Summer Special - Limited Time 65% Discount Offer - Ends in 0d 00h 00m 00s - Coupon code: top65certs

Data-Engineer-Associate VCE Exam Download

AWS Certified Data Engineer - Associate (DEA-C01) Questions and Answers

Question 21

A company uses AWS Step Functions to orchestrate a data pipeline. The pipeline consists of Amazon EMR jobs that ingest data from data sources and store the data in an Amazon S3 bucket. The pipeline also includes EMR jobs that load the data to Amazon Redshift.

The company's cloud infrastructure team manually built a Step Functions state machine. The cloud infrastructure team launched an EMR cluster into a VPC to support the EMR jobs. However, the deployed Step Functions state machine is not able to run the EMR jobs.

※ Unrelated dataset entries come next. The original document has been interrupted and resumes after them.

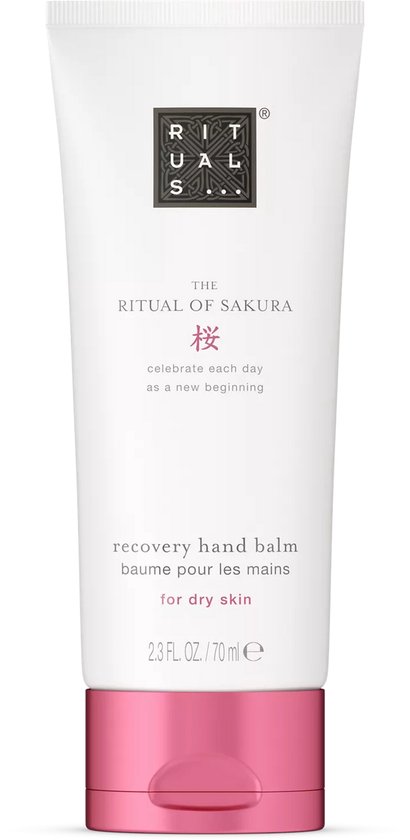 Witte handcrème tube met roze dop, 'The Ritual of Sakura', herstel handbalsem.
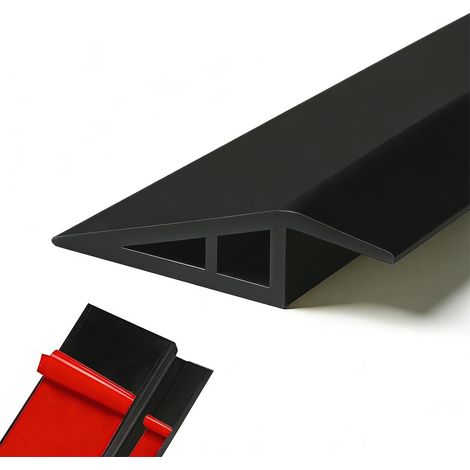 Barre de Seuil Autocollante en PVC Noir de 100cm Bande de Transition pour Sols de 7 à 10 mm Sans Perçage (1/5)
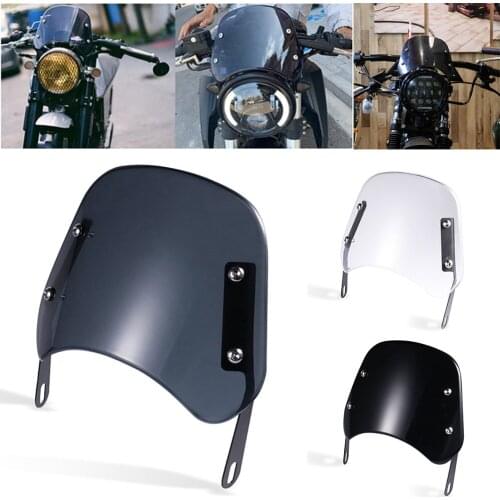 Motorcycle Windshield Windscreen with Metal Mounting Bracket Universal Retro Windshield for Honda Yamaha Kawasaki 5-7" Headlight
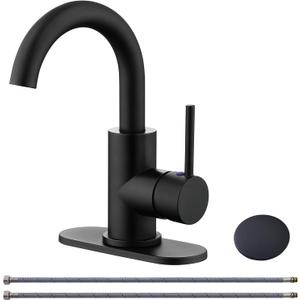 RKF Single-Handle Bathroom Sink Faucet, Swivel Spout, with Pop-up Drain with Overflow and Supply Hose,Bar Sink Faucet,Small Kitchen Faucet Tap,Matte Black,BF3501P-MB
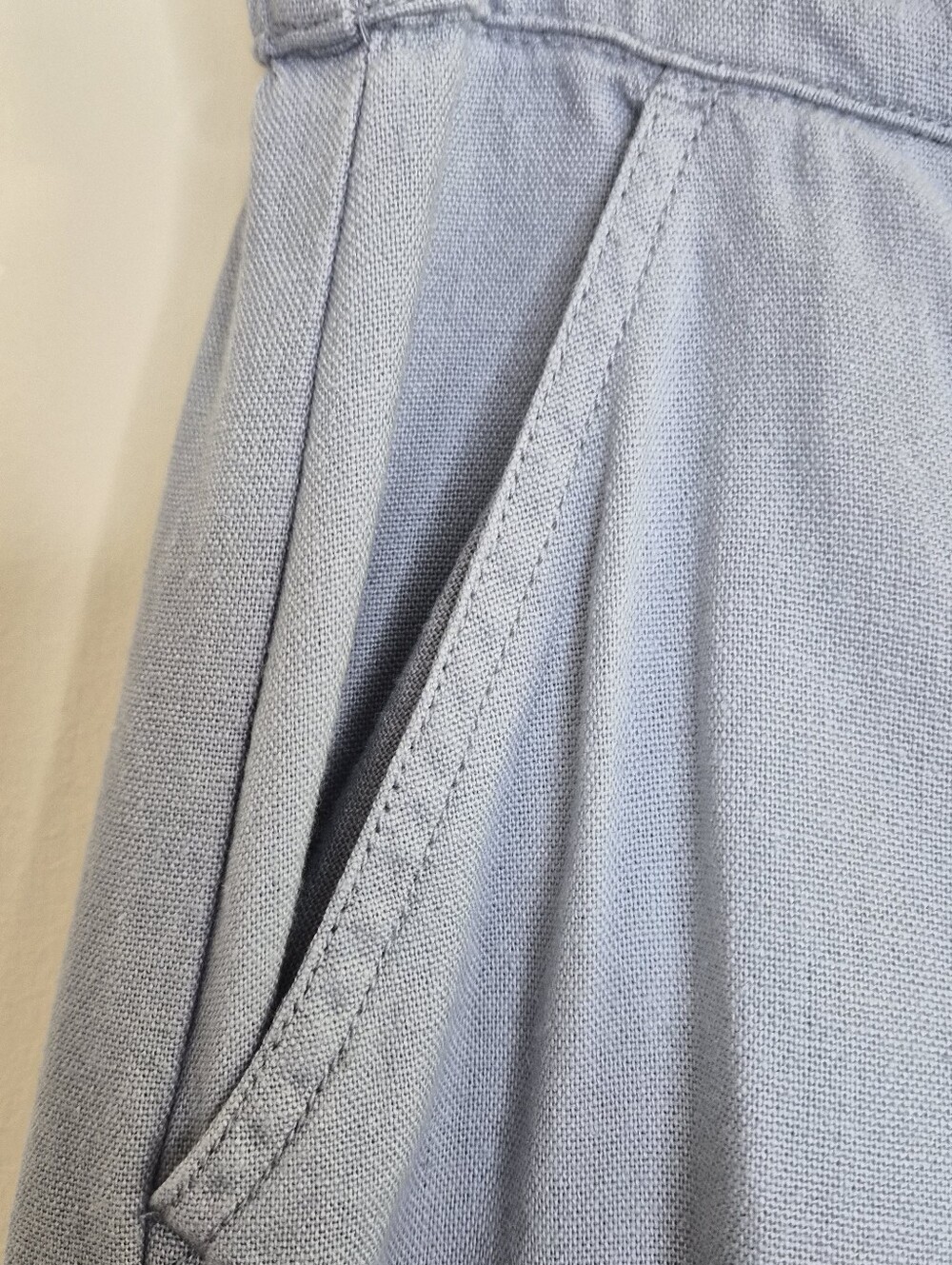 Sincerely Jules Light Blue Linen Blend Cargo Wide Leg Pants Size Small - Picture 13 of 13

Which combination of steps should the company take to identify the reason the Step Functions state machine is not able to run the EMR jobs? (Choose two.)

Options:

A.

Use AWS CloudFormation to automate the Step Functions state machine deployment. Create a step to pause the state machine during the EMR jobs that fail. Configure the step to wait for a human user to send approval through an email message. Include details of the EMR task in the email message for further analysis.

B.

Verify that the Step Functions state machine code has all IAM permissions that are necessary to create and run the EMR jobs. Verify that the Step Functions state machine code also includes IAM permissions to access the Amazon S3 buckets that the EMR jobs use. Use Access Analyzer for S3 to check the S3 access properties.

C.

Check for entries in Amazon CloudWatch for the newly created EMR cluster. Change the AWS Step Functions state machine code to use Amazon EMR on EKS. Change the IAM access policies and the security group configuration for the Step Functions state machine code to reflect inclusion of Amazon Elastic Kubernetes Service (Amazon EKS).

D.

Query the flow logs for the VPC. Determine whether the traffic that originates from the EMR cluster can successfully reach the data providers. Determine whether any security group that might be attached to the Amazon EMR cluster allows connections to the data source servers on the informed ports.

E.

Check the retry scenarios that the company configured for the EMR jobs. Increase the number of seconds in the interval between each EMR task. Validate that each fallback state has the appropriate catch for each decision state. Configure an Amazon Simple Notification Service (Amazon SNS) topic to store the error messages.

Question 22

A company uses Amazon Redshift for its data warehouse. The company must automate refresh schedules for Amazon Redshift materialized views.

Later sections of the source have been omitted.